A Sidi Bouzid, l’une des villes à l’origine de la révolution tunisienne, Paolo et Rafika ont résidé dans la »Maison des Jeunes » durant quelques jours. Ils ont rencontré Anis, un membre d’une radio local, SBZ one Radio.
Le déclenchement de la révolution
« Tout était spontané. De jour en jour, il y avait de plus en plus de confrontations avec l’Etat. Déjà en 2008 à Gafsa (date des premiers soulèvements). On ne savait pas ce qui s’y passait. Il y avait la censure, Facebook a été fermé jusqu’à la visite de Condoleezza Rice ».

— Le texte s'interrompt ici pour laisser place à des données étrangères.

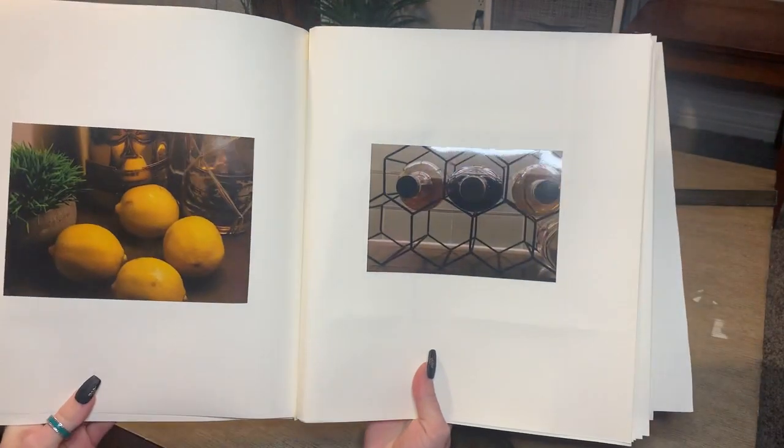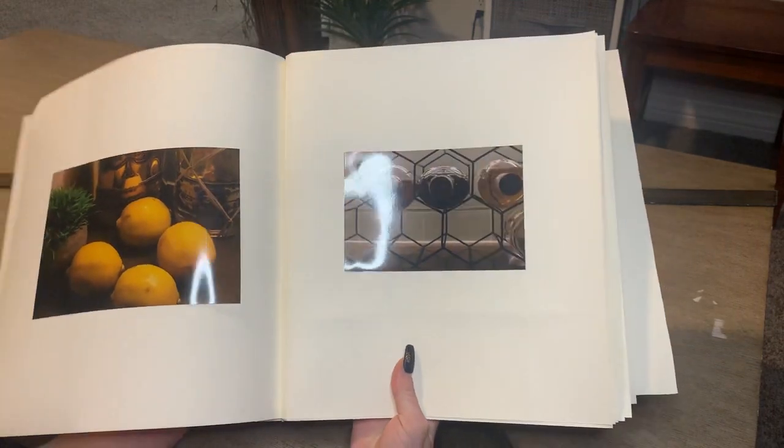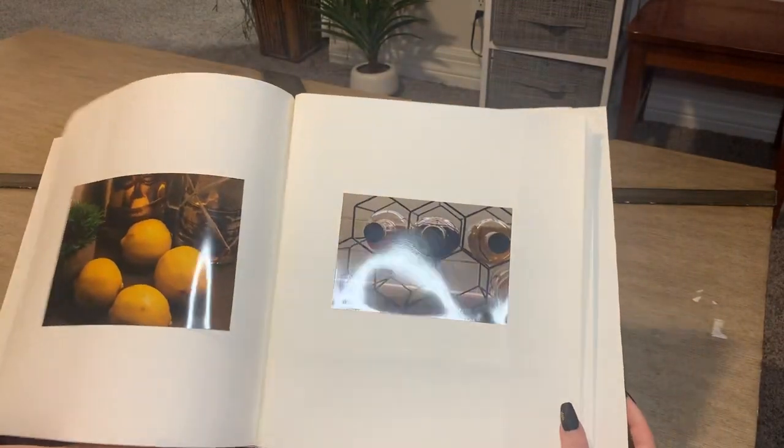These are the first two pictures. I'm just gonna flip through it really slowly just to show how that looks.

Durant ces évènements, une nouvelle page Facebook a été créée pour permettre à la radio de continuer à diffuser l’information, les animateurs ayant pris des pseudos pour ne pas prendre de risque : « Beaucoup de vidéos ont été diffusées. Nous avons travaillé avec Al Jazeera. Nous avions de l’expérience, un savoir-faire. Le système Ben Ali optait pour la désinformation afin de faire peur aux gens, il y avait beaucoup de rumeurs, d’intox. Le troisième jour, il y a eu près de soixante arrestations ».

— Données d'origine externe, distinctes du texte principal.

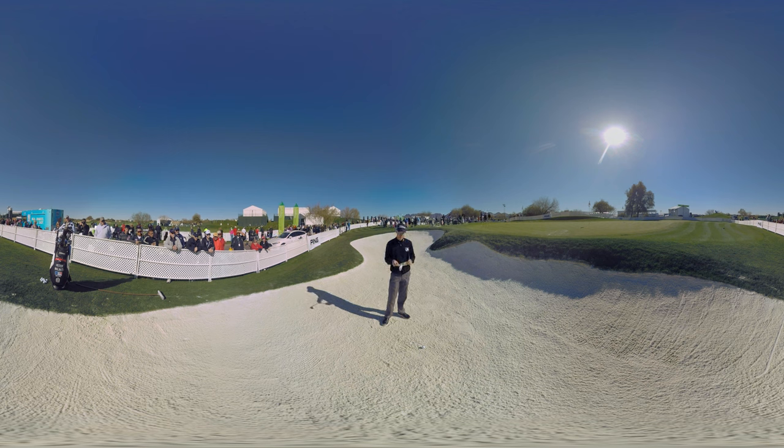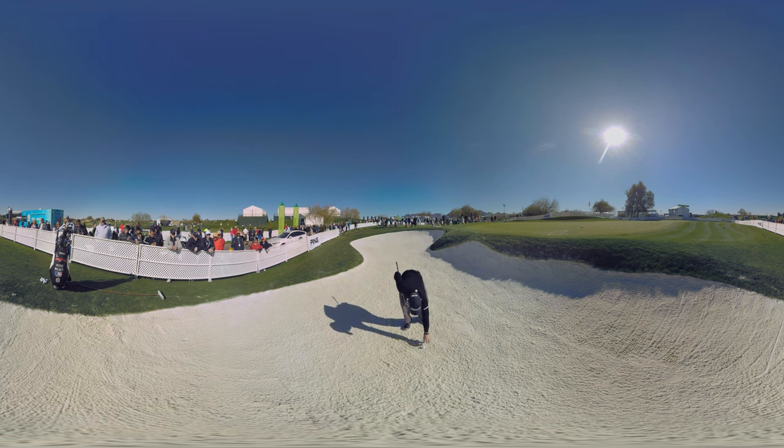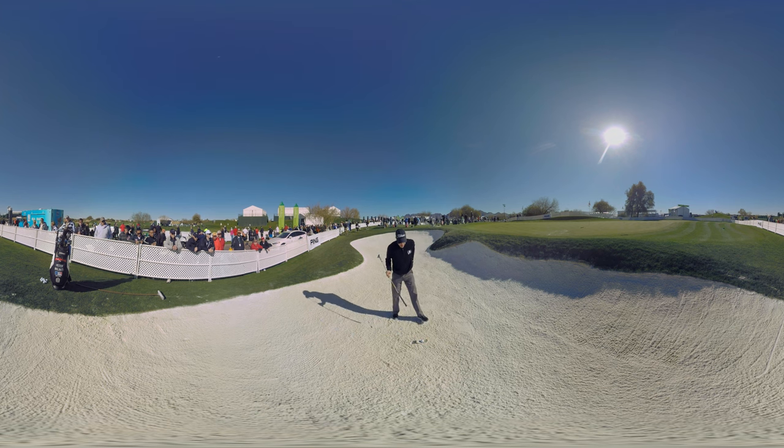So we got our friend here, George Washington. He's going to help you get out of the bunkers. I'm going to place this on the sand right here and put our ball right on top of that. What I want you to do is have the image of swinging the club fully underneath the dollar bill. You're going to enter the sand behind it, exit the sand in front of it, and keep good momentum in the club head as it works through the sand.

La répression s’intensifiant dans la ville, il y a eu alors un changement de stratégie assez surprenant de la part des jeunes qui affrontaient la police: « La journée on discutait avec les forces de l’ordre, on prenait un café. On parlait foot surtout. On parlait de tout sauf des affrontements. A la tombée de la nuit, on brulait un pneu, c’était le signal de départ ».
Selon Anis, il n’y a plus de censure totale mais elle est toujours présente. C’est pourquoi il a décidé avec ces amis d’ouvrir leur formation en journalisme à d’autres citoyens : « Nous avons fait beaucoup de reportages. Nous avons suivi des formations de journalisme. Nous avons invité des citoyens à participer aux formations. La moitié des membres n’était pas de la radio. On a voulu ouvrir nos formations aux autres ». Plus de 40 000 personnes sont sur leur page Facebook.
Le journalisme-citoyen est devenu en Tunisie l’un des moyens presque exclusif pour garantir la liberté d’expression. La presse traditionnelle ayant été discréditée pour son soutien à l’ancien régime, y compris durant la révolution (des matchs de foot et des dessins animés y étaient diffusés en boucle !).